In contrast, the American automaker’s crosstown rival Ford Motor (F, Financial) witnessed a sales slump of 11% year over year. Ford’s auto sales decline in China for the month of April was a major setback. It has been reported as the company’s steepest decline since it began reporting monthly retail numbers instead of wholesale volumes in May 2015. However, both companies saw great demand for high-end crossovers and SUVs.

A comparative study: Ford and General Motors in China

SUVs have been a bright spot for both U.S. automakers. General Motors along with its Chinese joint ventures witnessed a mammoth 107% growth in SUV sales powered by the premium Buick Envision and Baojun 560, both witnessing a 56% sales rise.

Despite posting positive results in China, General Motors found some of its key brands under pressure. While Chevrolet sales dropped a massive 29%, Wuling sales plunged 14% in April as compared to the last year. However, the company’s product portfolio is so broad that poor performance of some of its brands didn’t overshadow the strong sales of other brands that supported the company to report growth.

Matt Tsien, GM China president, said in a statement: “GM continues to grow in segments that are on top of customers’ purchase lists. We have more new vehicles on the way in the SUV, MPV (multipurpose vehicle) and luxury segments to keep delivering to customers what they want and demand.” The company is planning to launch 13 new and revamped models in China this year to further strengthen its position.

As far as Ford is concerned, the combined sales of its five SUV models, selling in the mainland, surged 27% for the first four months of the year. When asked about Ford’s sales slump in China for April, a company representative said, “China continues to be a dynamic marketplace as it transitions from an industrial economy to a consumer-led economy,”

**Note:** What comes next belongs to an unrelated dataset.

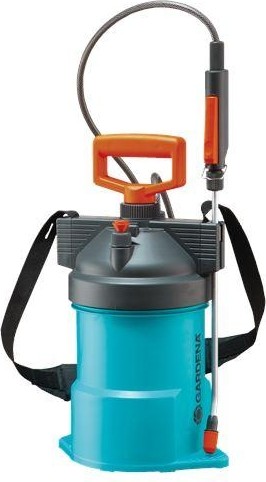 Опрыскиватель GARDENA 3,0 л 00867-20.000.00 00867-20.000.00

Year-to-date sales of Ford China climbed 7% from the same period a year ago to 391,294 vehicles. Ford currently operates through two joint ventures in China, namely Changan Ford Automobile and Jiangling Motors. The passenger-vehicle venture of CAF declined 11% year over year to 58,802 vehicles. JMC’s commercial-vehicle venture also witnessed a 7% drop in sales in April to 22,165 vehicles.

In an auto show in Beijing, John Lawler, Ford China chief, said the company has a full-fledged plan of introducing more electric vehicles in the Chinese market especially the hybrid edition of Mondeo sedan and the plug-in hybrid C- Max Energi. Besides, the company is also planning to import its well-established and high-performance F-150 Raptor. It is estimated that sales volume of F-150 Raptor might not be huge but its presence in China will be a test on how well it flows with the changing preferences of the Chinese population and manages to attract customers. The Blue Oval is taking this step to assess whether China is a ready market for mainstream pickup models.

Last word

General Motors continues to be in a dominant position in China. The company enjoys the broad range of its product portfolio which helps it to offset the weakness of underperforming product segments, which was reflected in April. In contrast, Ford is a much smaller player in the country as it entered the Chinese market late. Though Ford experienced soft numbers in April, the company has long-term plans to capitalize on the growth potential of China.